Pertanyaan ini semakin relevan ketika banyak foto yang diambil di jalan, taman, atau area publik kemudian diunggah, disebarluaskan, bahkan diperdagangkan tanpa izin. Menurut Fajar Junaedi, pengamat media sekaligus dosen Ilmu Komunikasi Universitas Muhammadiyah Yogyakarta (UMY), fenomena ini menegaskan pentingnya penegakan etika fotografi publik di tengah kemajuan teknologi dan budaya visual masa kini.
“Persoalan fotografi publik bukan sekadar soal merekam gambar, tetapi juga siapa yang direkam, dalam konteks apa, dan bagaimana foto itu digunakan. Di sinilah isu privasi menjadi sangat krusial,” ujar Fajar mengutip dari laman UMY, Sabtu (1/11/2025).
Fajar merujuk pada hasil penelitian Melissa Kate Miles (2015) berjudul Photography, Privacy and the Public, yang menjelaskan bahwa perubahan sosial dan teknologi telah mengaburkan batas antara ruang pribadi dan ruang publik.
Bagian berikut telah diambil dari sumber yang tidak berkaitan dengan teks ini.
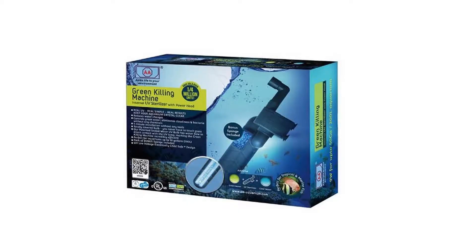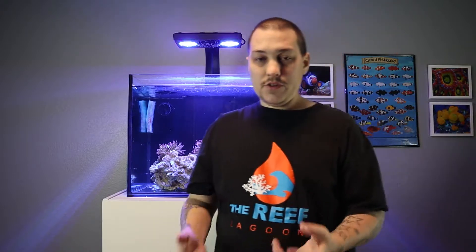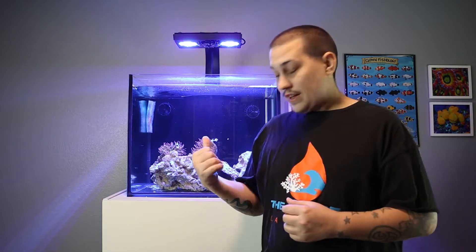Another method I used was a small UV sterilizer — I think it was by Green Killing Machine, around 13 watts. But this tank is 40 gallons plus a 20 gallon sump, so maybe 50 gallons total. That UV sterilizer wasn't the right size for this tank. The one I should have used was an inline UV sterilizer from Valkyrie Supply — they're like four or five hundred bucks, but I didn't have the money for that. I actually bought the smaller one for my 14 gallon peninsula tank where it worked perfectly after a bacteria boom.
Ketika seseorang berada di ruang publik, ekspektasi terhadap privasi memang menurun, namun hal itu tidak berarti fotografer bebas memotret dan menyebarkan gambar tanpa izin.
Lebih lanjut, Fajar menegaskan pentingnya menjaga keseimbangan antara hak kebebasan berekspresi dan hak privasi individu.
“Fotografi, jurnalistik, dan seni merupakan bagian dari kebebasan berekspresi. Namun tetap ada batas moral dan hukum, terutama ketika foto seseorang digunakan tanpa konteks yang tepat atau justru menempatkannya dalam posisi rentan,” jelasnya.
Ia juga menyoroti bahwa persepsi tentang privasi sangat dipengaruhi oleh budaya, norma sosial, dan kekuatan institusional seperti media dan korporasi. Misalnya, memotret kerumunan di ruang publik bisa dianggap wajar, tetapi mengambil foto individu dalam situasi pribadi tetap dapat dikategorikan sebagai pelanggaran etika.
“Yang penting saat ini adalah bagaimana fotografer, media, dan publik belajar menghormati individu meskipun mereka berada di ruang publik. Etika tidak berhenti di batas trotoar,” pungkasnya.